Here’s a strange coincidence. I was recently commissioned to paint a view of a steam train travelling along the old Great Western line at Dawlish, where the line runs right along the sea wall. Imagine my surprise when, just a few days after completing the work, the line was washed away in the recent floods. It will be repaired of course, but for the moment there will be no trains at Dawlish, steam or otherwise!

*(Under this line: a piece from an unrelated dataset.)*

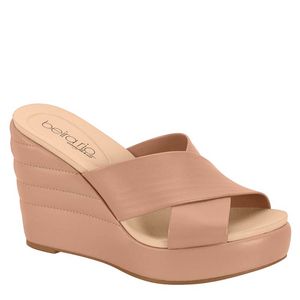 Sandalias Beira Rio Mujeres 8406.1000.9569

Paintings of this type require a lot of care in the research and in the actual work. I was fortunate to know someone with a large collection of railway books, and from them I found several examples of King class locomotives which used to haul the Cornish Riviera Express in the days of steam. I selected a photo of a train in full steam, but of course it wasn’t at Dawlish but elsewhere. So, I turned to the internet, and found some video on YouTube of a steam train at Dawlish, with a rough sea crashing over the tracks. But, it was completely the wrong type of locomotive. With careful drawing and a decent knowledge of perspective I managed to combine the two images, but there was a fair bit of artist’s license needed to make the scene into an effective composition. I had to think carefully about the tonal values of the work, to give prominence to the train but also convey a feeling of a dark, stormy day.
It took several sessions of work in my studio before I was happy with the end result, but I enjoyed doing it. It’s always good to be taken a little bit out of your comfort zone with an unusual subject. The lady who commissioned the painting as a gift for her steam enthusiast husband seemed to be delighted and that made it all worth while. An old artist once said to me “you can never be sure how a commission is going to go down when the client sees it for the first time. But, if they say they like it and they pay, you’ve done a good job!”